Question

The earth rotates every 86,160 seconds. What is the tangential speed (in m/s) at Livermore (Latitude 37.6819° measured up from equator, Longitude 121.

Answer 1

Answer:

The tangential speed at Livermore is approximately 284.001 meters per second.

Explanation:

Let suppose that the Earth rotates at constant speed, the tangential speed ($v$), measured in meters per second, at Livermore (37.6819º N, 121º W) is determined by the following expression:

$v = \left(\frac{2\pi}{\Delta t}\right)\cdot R \cdot \sin \phi$ (1)

Where:

$\Delta t$ - Rotation time, measured in seconds.

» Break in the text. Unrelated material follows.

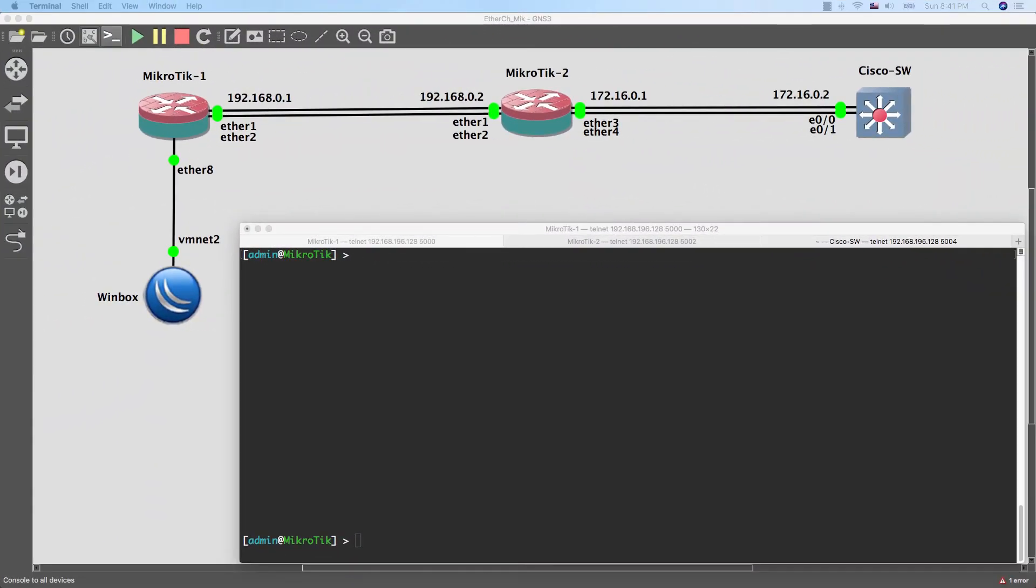Hello guys, this is Mohamed Al-Qurakouli from iTechProm. Today we are going to talk about how to configure EtherChannel or bonding interface.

$R$ - Radius of the Earth, measured in meters.

$\phi$ - Latitude of the city above the Equator, measured in sexagesimal degrees.

If we know that $\Delta t = 86160\,s$, $R = 6.371\times 10^{6}\,m$ and $\phi = 37.6819^{\circ}$, then the tangential speed at Livermore is:

$v = \left(\frac{2\pi}{86160\,s} \right)\cdot (6.371\times 10^{6}\,m)\cdot \sin 37.6819^{\circ}$

$v\approx 284.001\,\frac{m}{s}$

The tangential speed at Livermore is approximately 284.001 meters per second.